Charakteristika entscheiden: Maschinelles Lernen in Risikomodellen – Die Bankenaufsichtsperspektive Gastbeitrag im BaFinJournal 04/2022

Die Analysequalität verbessern, Fehler automatisch erkennen und vermeiden und die operative Qualität von Prozessen verbessern? Vor diesen Herausforderungen stehen viele Banken – und maschinelles Lernen (ML) bietet hier aussichtsreiche Chancen. Auch wir als Aufsicht können profitieren, wenn Banken die Möglichkeiten von ML nutzen. Denn effiziente Banken sind langfristig stabile Banken. Doch wie können Banken die Chancen von ML nutzen, ohne dass die Risiken sich verselbstständigen? Und wie kann die Bankenaufsicht diese Risiken eindämmen, ohne Innovationen zu behindern?

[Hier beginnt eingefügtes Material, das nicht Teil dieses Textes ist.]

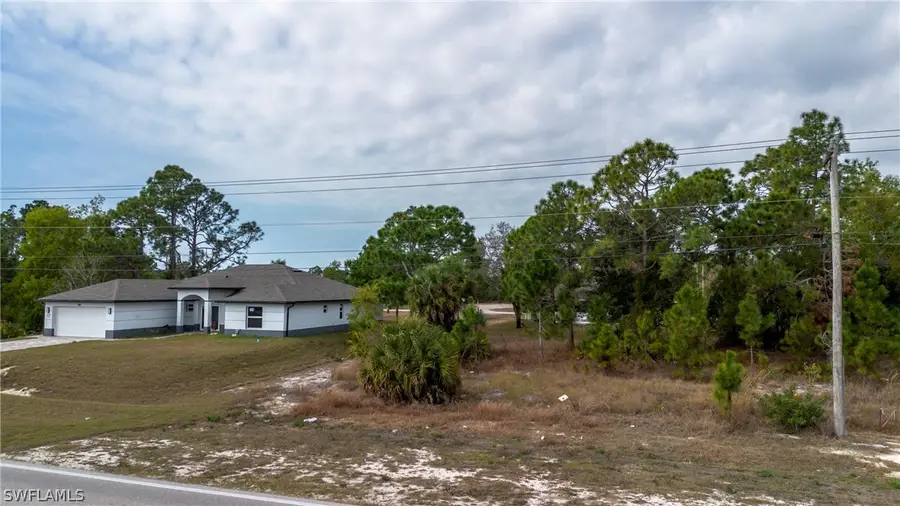 796 Bell Boulevard S, Lehigh Acres, FL 33974 - #3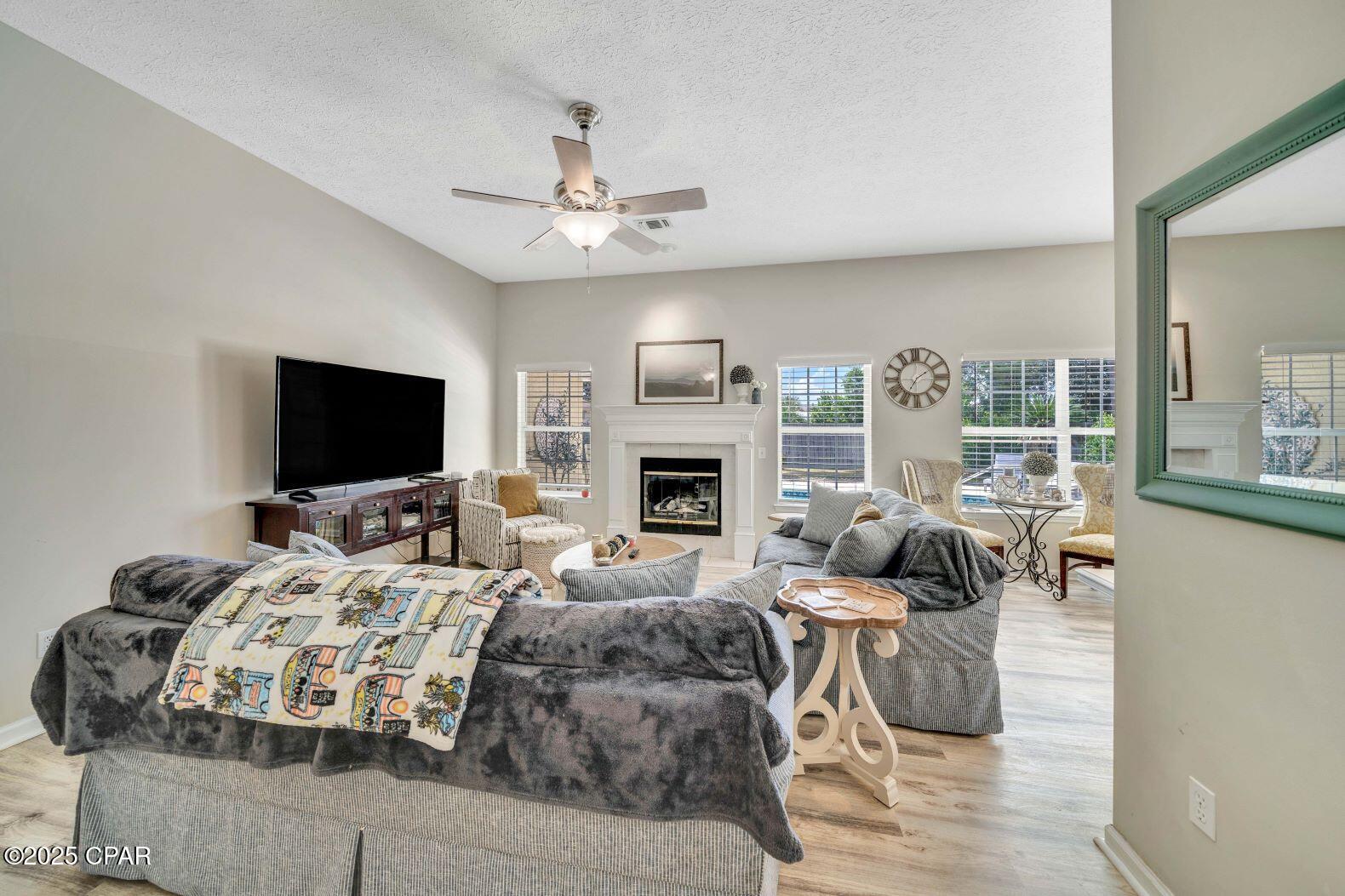 Summer Breeze - Residential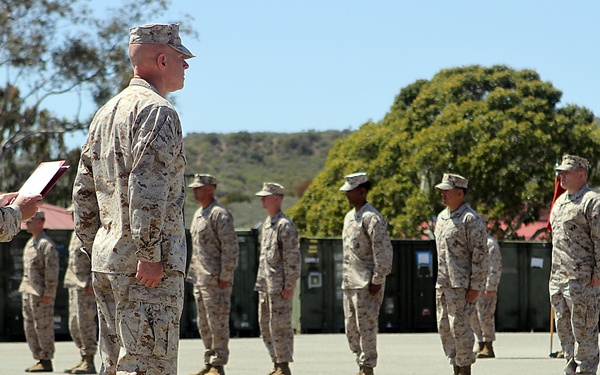 Marines, sailors receive Purple Heart Medals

Charakteristika statt Definition

Zuallererst geht es darum, ML überhaupt zu erkennen und die Unterschiede zu den Modellen und Prozessen herauszustellen, die wir seit Jahrzehnten beaufsichtigen. Diese Unterschiede zeigen uns, an welchen Stellen unsere Aufsichtspraxis eventuell angepasst werden muss. Dafür brauchen wir nicht unbedingt eine allgemeingültige Definition von ML. Vielmehr richten wir unsere Aufsichtspraxis, Prüfungstechnik und -intensität darauf aus, ob und welche ML-Charakteristika bei einer Methodik vorliegen und wie stark diese ausgeprägt sind. Dieser Ansatz hilft uns, ML-Innovationen und ihre Risiken zu erkennen, angemessen zu behandeln, und neue Anwendungen bei Banken nicht über einen Kamm zu scheren.

Wenn Banken zum Beispiel eine Vielzahl neuer Daten verknüpfen und mittels neuronaler Netze Kreditentscheidungen treffen, sind viele Charakteristika von ML erfüllt. Daraus ergeben sich Risiken im Vergleich zu bisherigen Modellen, insbesondere bei der Erklärbarkeit. Wenn jedoch nur zusätzliche Datenquellen wie Zeitungsberichte in der Kreditvergabe oder Risikofrüherkennung neben klassischen Kennzahlen mittels ML angeliefert werden, zeigt das Gesamtmodell weniger Charakteristika von ML. Entsprechend wären die aufsichtlichen Anforderungen dann auch geringer.

ML-Methoden müssen (nicht) erklärbar sein!

ML wird gerne als „Black Box” bezeichnet, in die man nicht hineinschauen kann. Wir verstehen oft nicht auf Anhieb, welche Zusammenhänge solche Methoden als Entscheidungsgrundlage nutzen. Es gilt jedoch auch hier, den Einzelfall abzuwägen. Häufig wird es der goldene Mittelweg der „Grey Box“ sein, zwischen Erklärungsbedürftigkeit einerseits und Modellfreiheit andererseits. Es geht darum, die jeweilige Methodik nachzuvollziehen und kritisch zu hinterfragen und nicht darum, dass jeder Einzelvorgang vom Menschen freigezeichnet werden muss.

Die Charakteristika von ML sind der Kompass für Banken und Aufsicht. Und hier schauen wir genau hin – mit einem Blick für Risiken und Chancen gleichermaßen.